What is being asked: Copy the listing exactly, please, and keep every picture out of it.

Data section:
------------------------
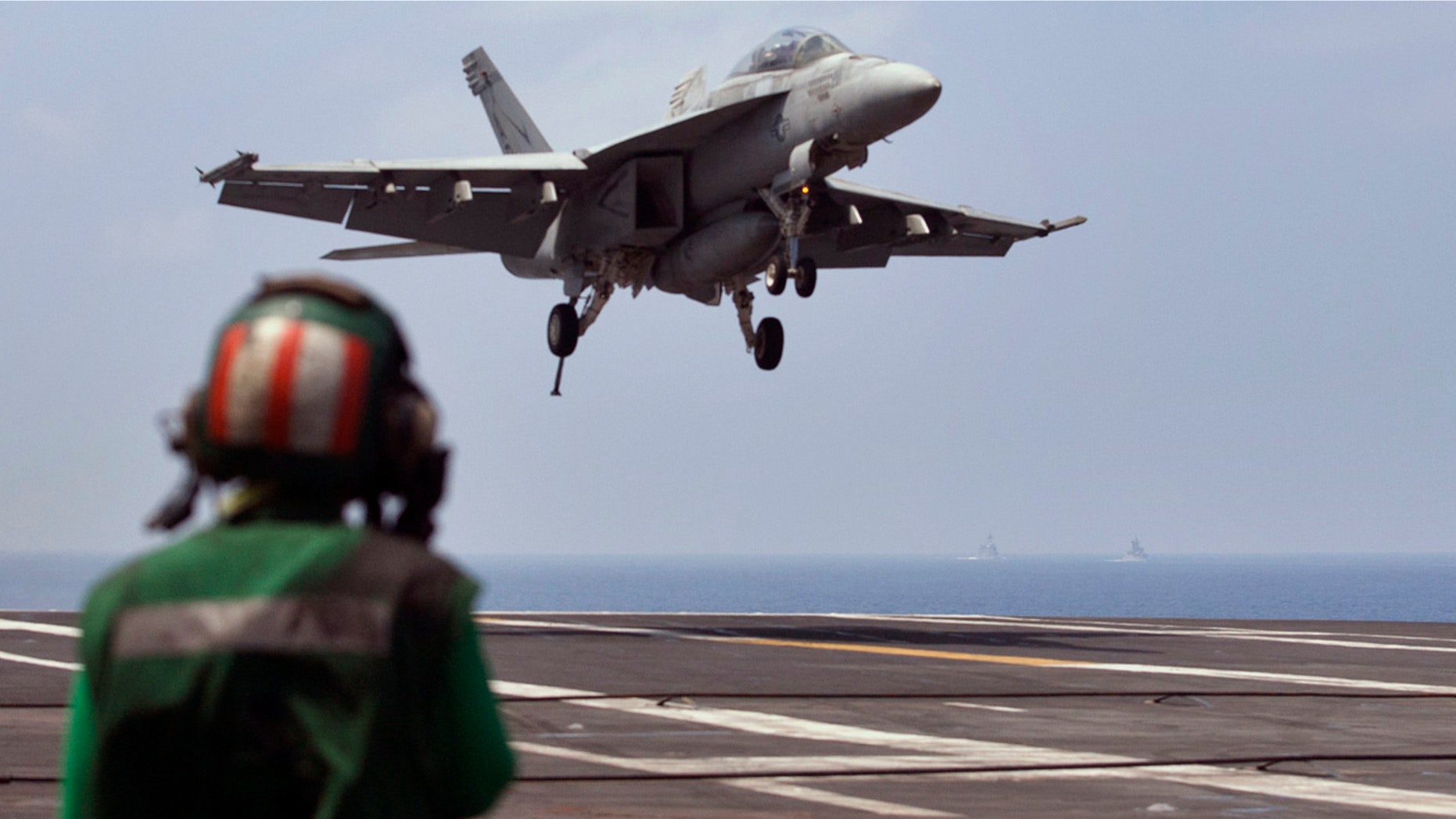 FILE - This Oct. 17, 2015 file photo shows a U.S. Navy fighter jet approaching to land on the U.S. Navy aircraft carrier USS Theodore Roosevelt during Exercise Malabar 2015 about 150 miles off Chennai, India. (AP Photo/Arun Sankar K., File)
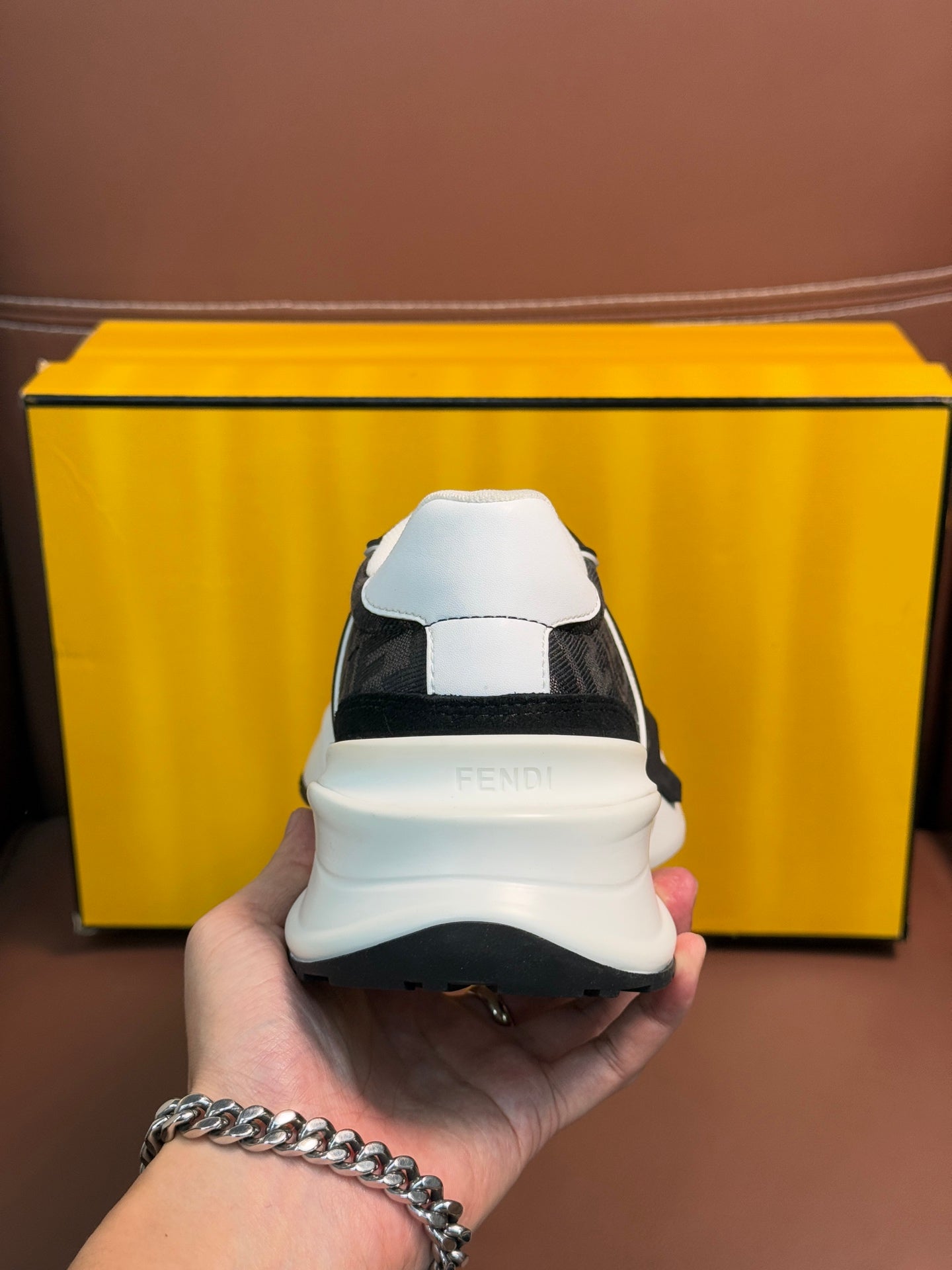 Hand holding Fendi unisex sneaker heel, black upper with white heel cap and sole.
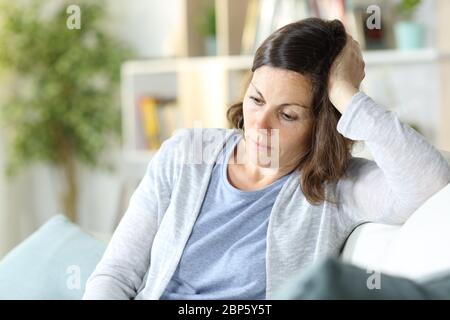 Traurig nachdenkliche Frau mittleren Alters denken, unten sitzend auf einer Couch zu Hause zu sehen Stockfoto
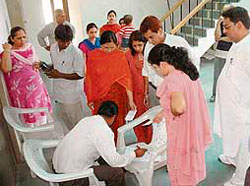Residents of Sector 20 gather to get their pictures clicked for voter identity cards at the community centre in the locality in Panchkula on Sunday.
------------------------
Worked solution:
 FILE - This Oct. 17, 2015 file photo shows a U.S. Navy fighter jet approaching to land on the U.S. Navy aircraft carrier USS Theodore Roosevelt during Exercise Malabar 2015 about 150 miles off Chennai, India. (AP Photo/Arun Sankar K., File)
 Hand holding Fendi unisex sneaker heel, black upper with white heel cap and sole.
 Traurig nachdenkliche Frau mittleren Alters denken, unten sitzend auf einer Couch zu Hause zu sehen Stockfoto
Residents of Sector 20 gather to get their pictures clicked for voter identity cards at the community centre in the locality in Panchkula on Sunday.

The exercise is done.